Supported values: See Technologies

resources

Optional | list[Resource]

Custom resource definitions.

SLO Resource

resources:
  - kind: SLO
    name: availability      # Unique name
    spec:
      objective: 99.95      # Target percentage
      window: 30d           # Time window
      threshold_ms: 200     # For latency SLOs
      indicator:
        type: availability  # availability, latency, throughput
        percentile: 99      # For latency SLOs
        query: |            # PromQL query
          sum(rate(...))

Alert Resource

resources:
  - kind: Alert
    name: high-error-rate
    spec:
      expr: |               # PromQL expression
        sum(rate(http_requests_total{status=~"5.."}[5m])) /
        sum(rate(http_requests_total[5m])) > 0.01
      for: 5m               # Duration before firing
      severity: critical    # critical, warning, info
      labels:
        team: payments
      annotations:
        summary: "High error rate"
        description: "{{ $value | humanizePercentage }}"

Dependencies Resource

resources:
  - kind: Dependencies
    name: upstream
    spec:
      services:
        - name: user-service
          criticality: high
        - name: inventory-service
          criticality: medium

environments

Optional | object

Environment-specific overrides:

environments:
  production:
    tier: critical
    resources:
      - kind: SLO
        name: availability
        spec:
          objective: 99.99

  staging:
    tier: standard
    resources:
      - kind: SLO
        name: availability
        spec:
          objective: 99.5

Complete Example

name: payment-api
team: payments
tier: critical
type: api
description: Handles payment processing

dependencies:
  - postgresql
  - redis

resources:
  - kind: SLO
    name: availability
    spec:
      objective: 99.95
      window: 30d
      indicator:
        type: availability
        query: |
          sum(rate(http_requests_total{service="payment-api",status!~"5.."}[5m])) /
          sum(rate(http_requests_total{service="payment-api"}[5m]))

  - kind: SLO
    name: latency-p99
    spec:
      objective: 99.0
      window: 30d
      threshold_ms: 200
      indicator:
        type: latency
        percentile: 99
        query: |
          histogram_quantile(0.99,
            sum by (le) (rate(http_request_duration_seconds_bucket{service="payment-api"}[5m]))
          )

  - kind: Alert
    name: high-error-rate
    spec:
      expr: |
        sum(rate(http_requests_total{service="payment-api",status=~"5.."}[5m])) /
        sum(rate(http_requests_total{service="payment-api"}[5m])) > 0.01
      for: 5m
      severity: critical

environments:
  production:
    resources:
      - kind: SLO
        name: availability
        spec:
          objective: 99.99

OpenSRM Format (srm/v1)

NthLayer also supports the OpenSRM format — a richer, namespaced schema that adds contracts, deployment gates, ownership, and cross-service validation.
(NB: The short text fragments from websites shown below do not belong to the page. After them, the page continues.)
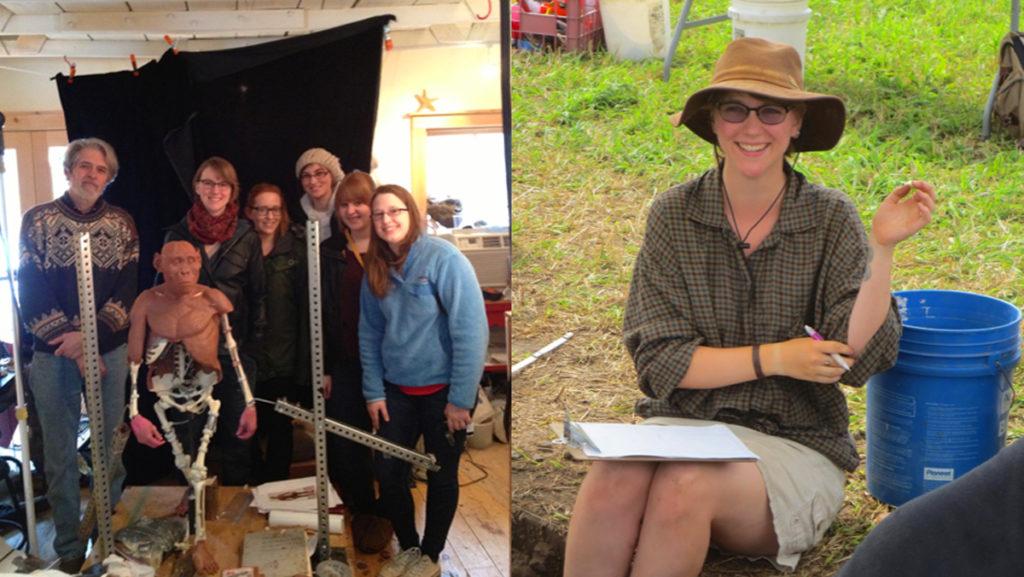 On the left, former anthropology students Geneva Faraci ‘16, Theodora Weatherby 16, Courtney Leo 16, Macy OHearn 13 and Allison Carter 13 met with paleo-artist John Gurche. On the right, OHearn participated in the excavation of Myers Farm in King Ferry, New York, as an undergraduate anthropology student in 2013.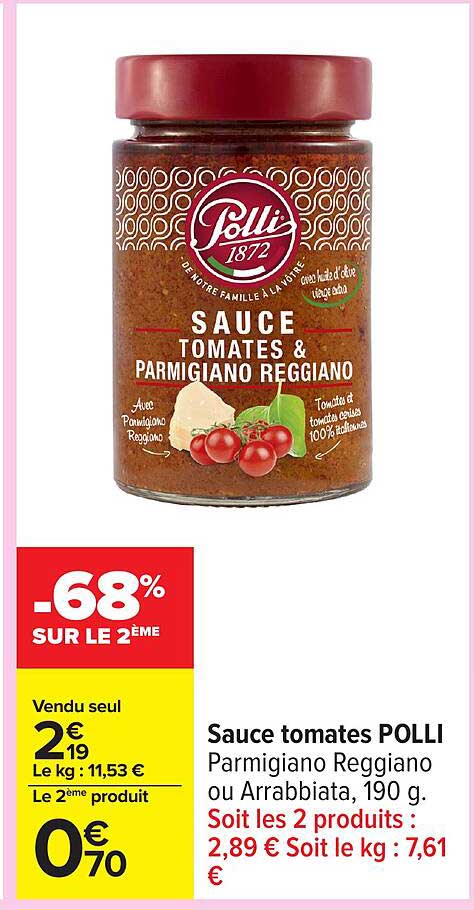 Sauce tomates POLLI Parmigiano Reggiano ou Arrabbiata, 190 g.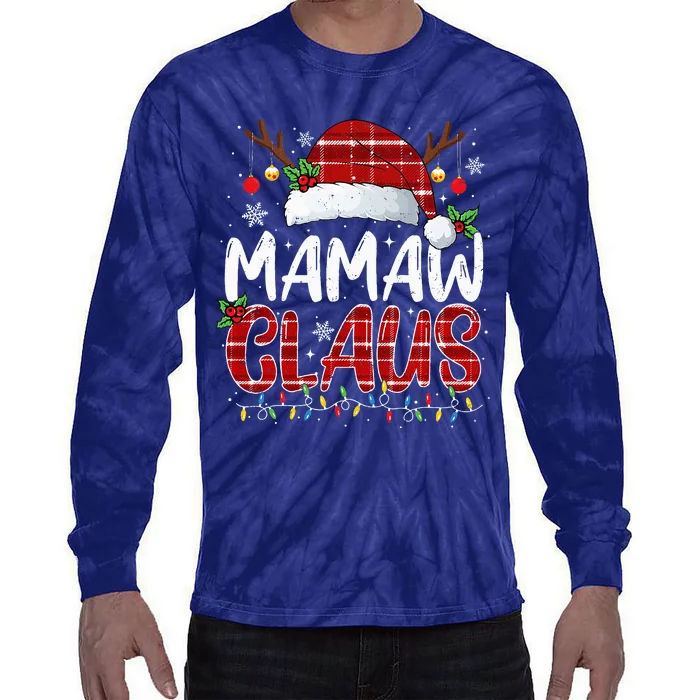 Mamaw Claus Christmas Lights Pajama Family Matching Tie-Dye Long Sleeve Shirt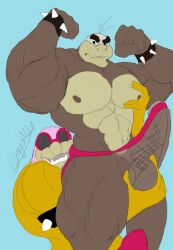 2018 abs anthro bald ball_fondling ball_grab ball_grasp balls bara biceps big_balls big_penis bracelet brand_parody brown_body claws clothing colored duo edit erection eyebrows eyewear fingers fondling gay genitals hair huge_balls humanoid_genitalia humanoid_penis jewelry jockstrap koopa koopaling looking_at_viewer male male/male male_only mangosha_ke mangoshake mario_(series) morton_koopa_jr. muscular muscular_anthro muscular_male nintendo nipples nude open_mouth pec_grasp pecs penis pink_eyewear pink_head pink_sunglasses pose roy_koopa scalie sex simple_background smile spiked_bracelet spikes sunglasses teeth text thick_eyebrows underwear video_games watermark yellow_body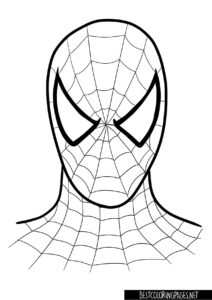 Spiderman Mask Coloring Page for kids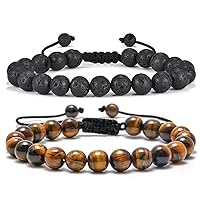 M MOOHAM Natural Stone Bracelets for Men - 8mm Tiger Eye | Matte Agate | Lava Rock Bracelets for Men Teen Boys Gifts Anniversary Fathers Day Birthday Gifts for Him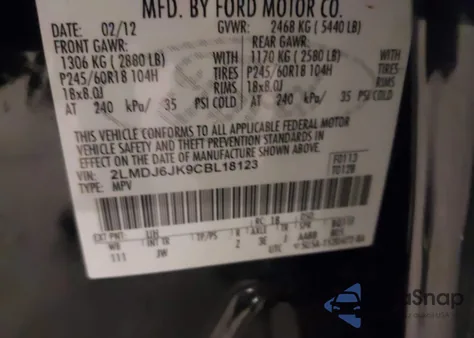 2012 Lincoln Mkx z USA, uszkodzony, nr VIN 2LMDJ6JK9CBL18123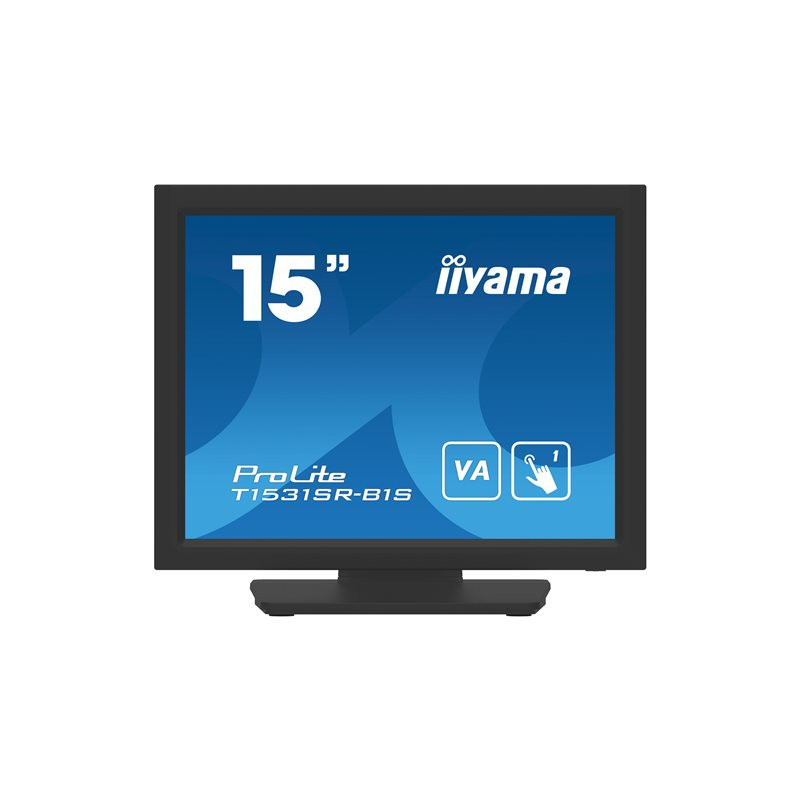 Écran LED - 15" - écran tactile - 1024 x 768 - VA - 350 cd - m² - 2500:1 - 18 ms - HDMI, VGA, Disp... (T1531SR-B1S)_1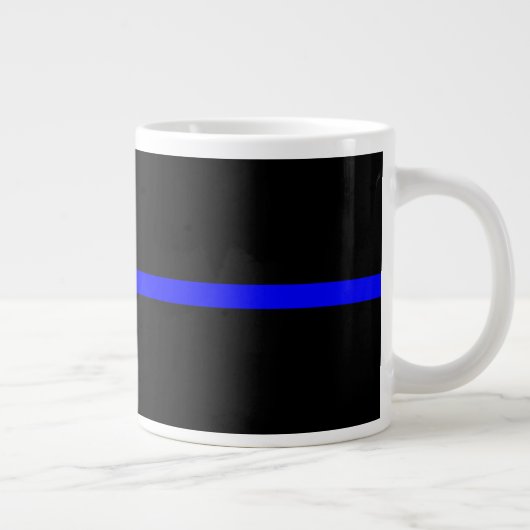 Die symbolische Thin Blue Line Grafik Jumbo-Tasse (Rechts)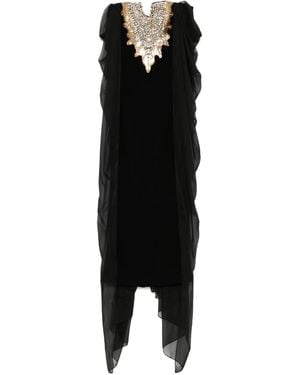 Jean Louis Sabaji Verziertes Maxikleid - Schwarz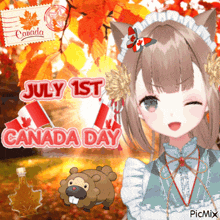 a picture of a girl with a beaver and the words july 1st canada day on it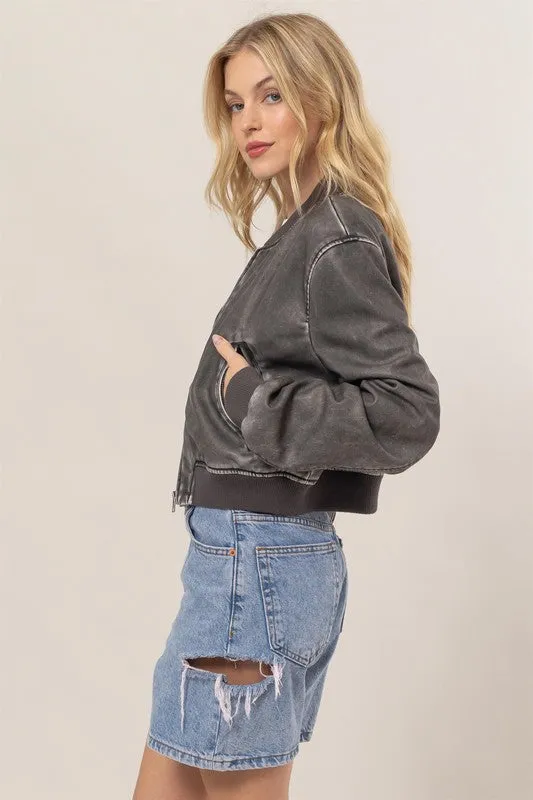 Vanessa Vegan Leather Bomber Jacket Black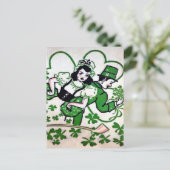 Vintager St. Patrick's Day Postkarte (Stehend Vorderseite)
Both formats are fully supported and auto-detected.

OpenSRM Schema

apiVersion: srm/v1
kind: ServiceReliabilityManifest

metadata:
  name: string              # Service identifier
  team: string              # Owning team
  tier: string              # critical, standard, low
  description: string       # Human-readable description
  labels: object            # Arbitrary key-value labels
  annotations: object       # Metadata annotations
  template: string          # Optional base template name

spec:
  type: string              # api, worker, stream, ai-gate, batch, database, web

  slos:                     # SLO definitions (map, not list)
    <slo-name>:
      target: number        # Target value
      window: string        # Time window (e.g. 30d)
      unit: string          # ms, percent (optional)
      percentile: string    # p50, p99, etc. (optional)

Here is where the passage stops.